Aim of the task.
From the listing below, please restate exactly the lines beginning at the one with "İstanbul’da feci kaza!" and ending at the one with "Daisy Villa - Close", both included, and skip the pictures.

Material for the task.
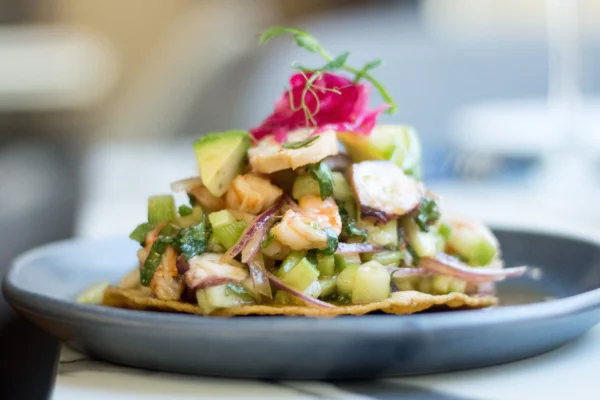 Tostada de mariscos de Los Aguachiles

...

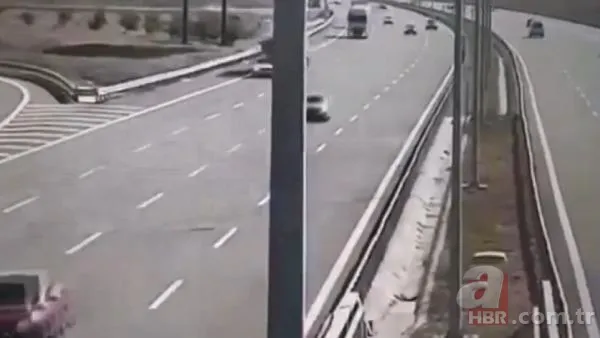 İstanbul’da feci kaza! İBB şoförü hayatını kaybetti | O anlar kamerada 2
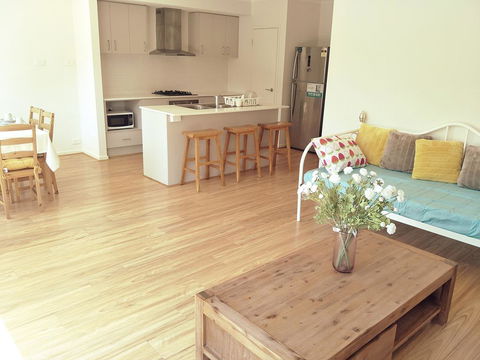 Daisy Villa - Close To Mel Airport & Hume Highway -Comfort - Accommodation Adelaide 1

Output of the task.
 İstanbul’da feci kaza! İBB şoförü hayatını kaybetti | O anlar kamerada 2
 Daisy Villa - Close To Mel Airport & Hume Highway -Comfort - Accommodation Adelaide 1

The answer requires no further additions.